How to stay legal
Your EASA PPL(A) is a lifetime licence which means it doesn't need any administrative action to keep it. It is only valid with an unexpired EASA or JAA class one or two medical certificate. You cannot use a LAPL medical certificate or an NPPL medical declaration with this licence.
Ratings within your licence may need revalidating or renewing in order to keep them valid. For example, your PPL(A) may include a SEP(land) rating that allows you to fly a non-complex aeroplane defined in the Single Engine Piston (land) category class. This privilege initially lasts for two years from the date of passing the skills test.
You can fly more complex aircraft within the class if you have 'differences training' signed off in your log book by a suitable instructor.

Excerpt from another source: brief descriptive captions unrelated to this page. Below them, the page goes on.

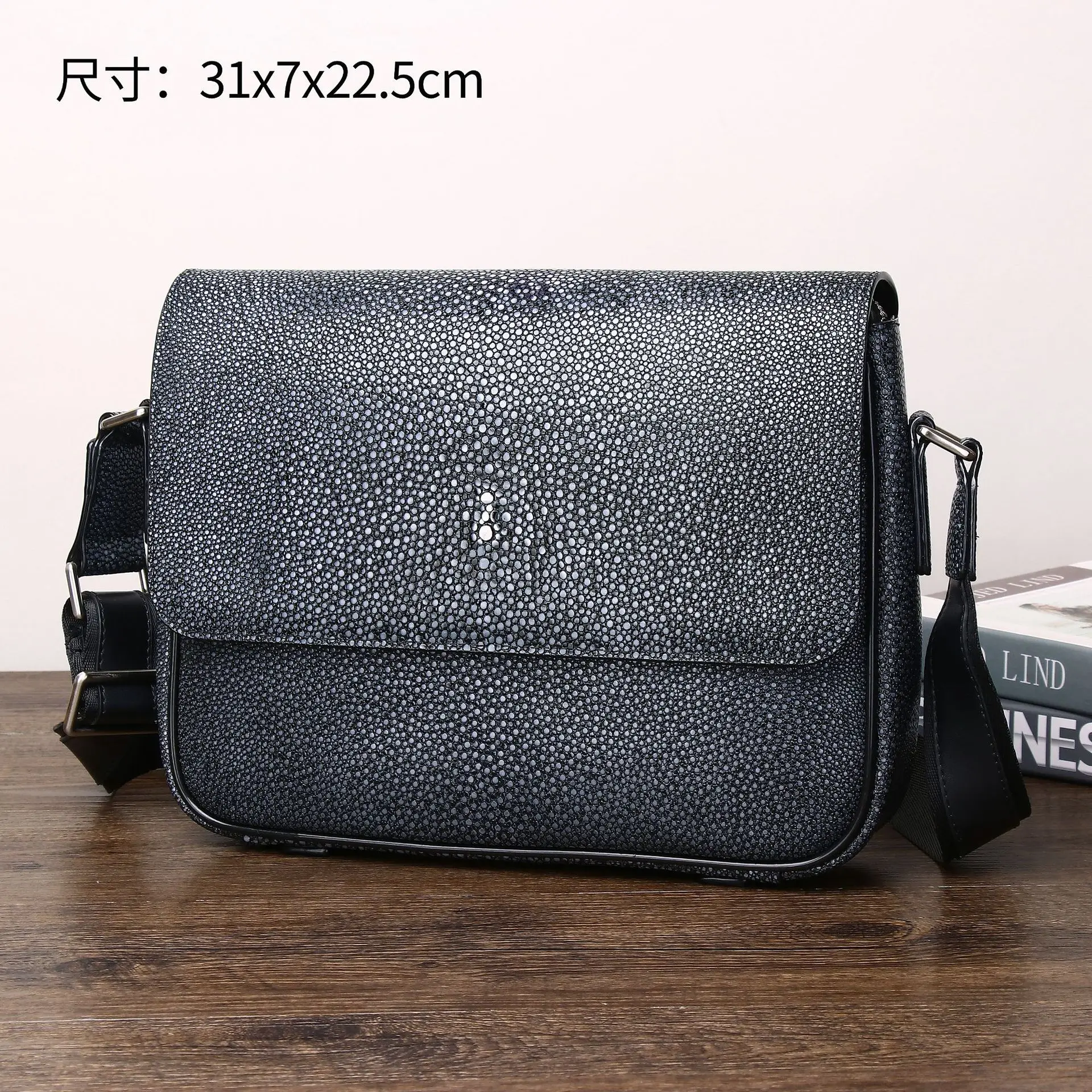 

2025 New Luxury Men Handbags Pearl Fish Pattern Cow Genuine Leather Male Shoulder Bag Real Leather Crossbody Bag Messenger Bags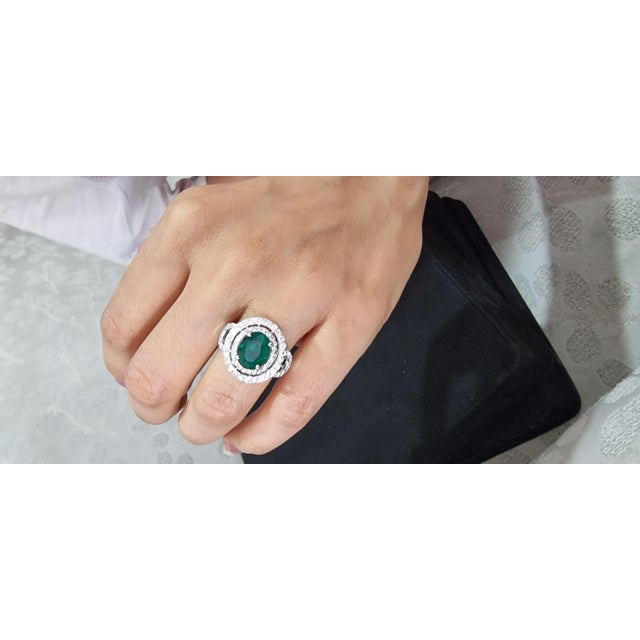 3.36 Carats Natural Zambian Emerald Ring with 1.01 Carats Diamonds and 14k Gold For Sale - Image 4 of 18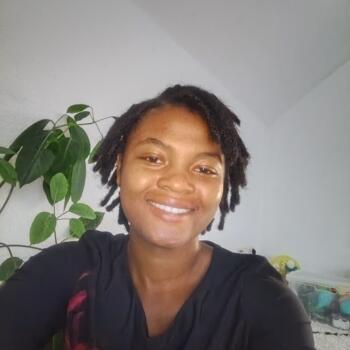 Babysitter in Bad Honnef: Ikuzwe Mugabo Marie Grace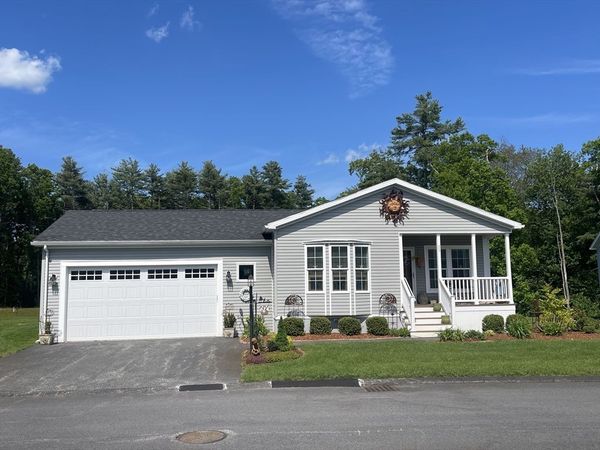 11 Sycamore Lane, Taunton, MA 02780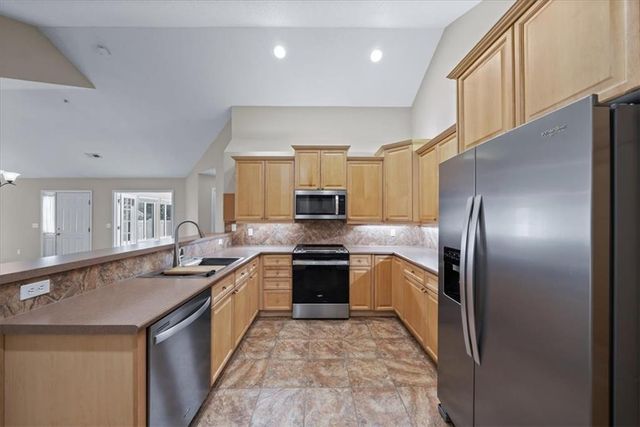 7127 Meadow View Street, Shawnee, KS 66227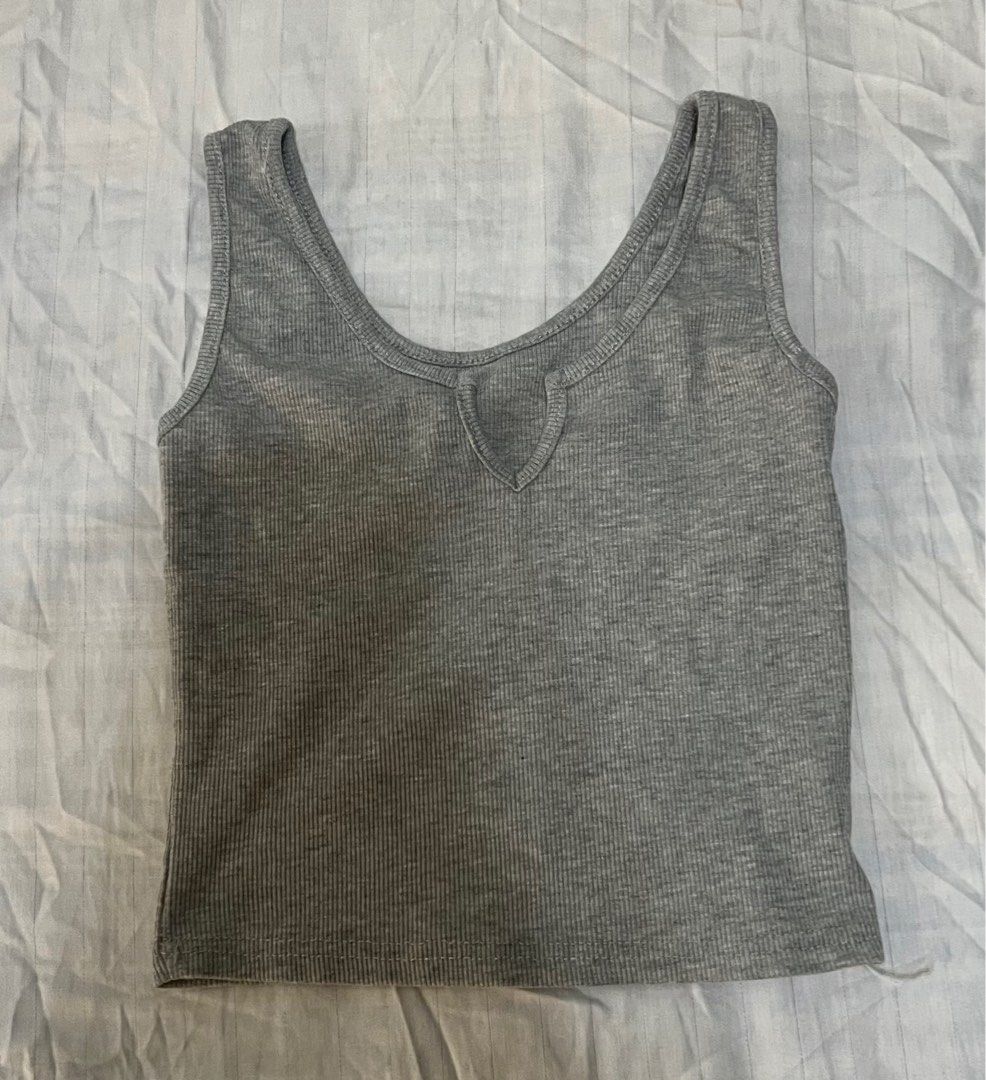 Gray Cropped Top (Category: Sleeveless) located in Paranaque City. Submitted by flamespicks (Listing ID 1336405185, Image 2). Description: Brand: none Size: Xs Condition: Lightly Used Fabric: Cotton Rfs: Decluttering Model's Measurements Bust: 33 Waist: 25 Hips: 35 .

And the UK has also made EASA licences valid on UK registered non-EASA aircraft.
In this example, to make sure that an SEP(land) rating does not expire and continues for another 2 year period, it can be revalidated by:
If the pilot also has a valid TMG (touring motor glider) rating, hours can count from TMG flights towards the 12 hours required for SEP(land) revalidation.
If the rating has expired you cannot fly as a pilot in command until it has been renewed. To renew your SEP(land) rating you need to pass a proficiency check with an examiner who will require a 'ready for test' certificate signed by a Registered Training Facility (until 8 April 2015) or Approved Training Organisation, which may mean having to complete refresher training with them first.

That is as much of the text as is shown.